### [Aim of the exercise]
Print the listing in its entirety and exactly, leaving out images.

### [Supplied information]
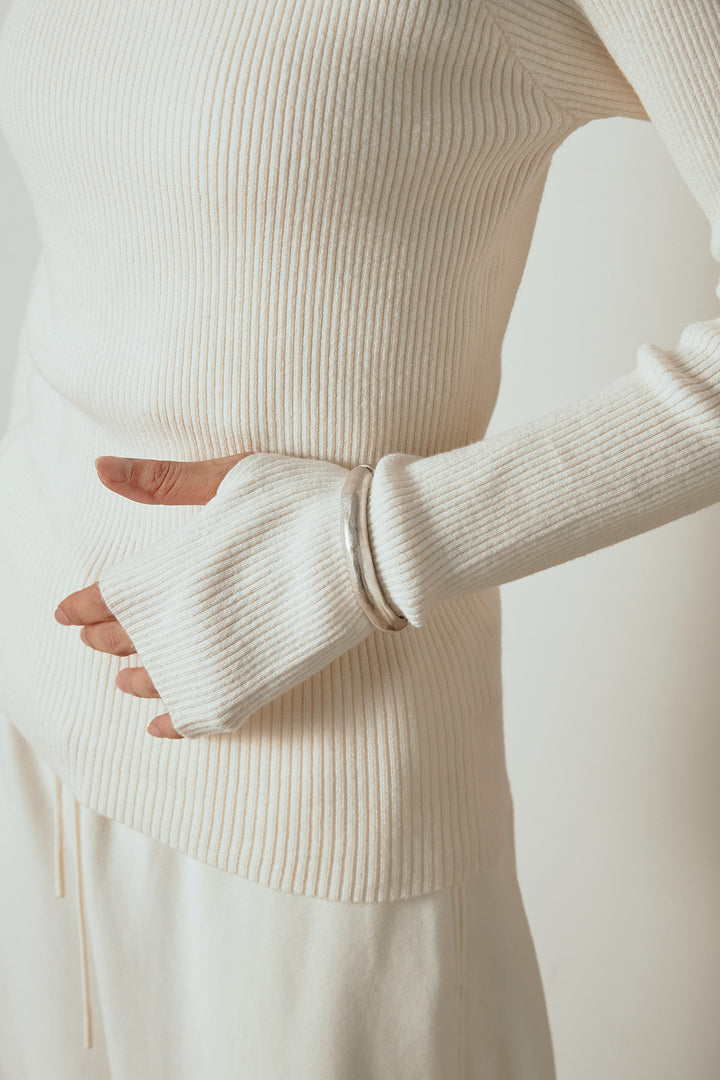 【即納】クールクールオフショルトップス/ブラウン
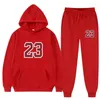 Men's Tracksuits Two-piece Men And Women Polar-lined Casual Sweatshirt Plus Size Long-sleeved Hoodie Sweatpants Winter Suit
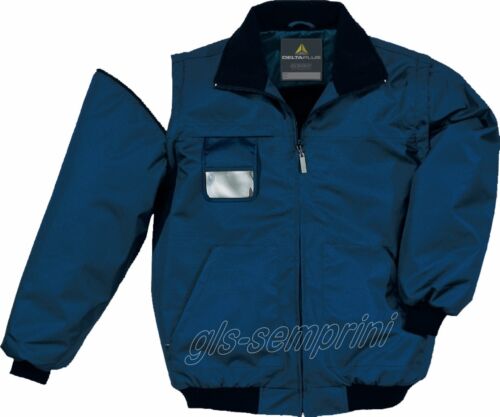 GIACCA GIUBBOTTO DELTAPLUS RENO TERMICO INVERNALE BOMBER INTERNO PILE LAVORO - Picture 4 of 6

### [Exercise output]
 【即納】クールクールオフショルトップス/ブラウン
 Men's Tracksuits Two-piece Men And Women Polar-lined Casual Sweatshirt Plus Size Long-sleeved Hoodie Sweatpants Winter Suit
 GIACCA GIUBBOTTO DELTAPLUS RENO TERMICO INVERNALE BOMBER INTERNO PILE LAVORO - Picture 4 of 6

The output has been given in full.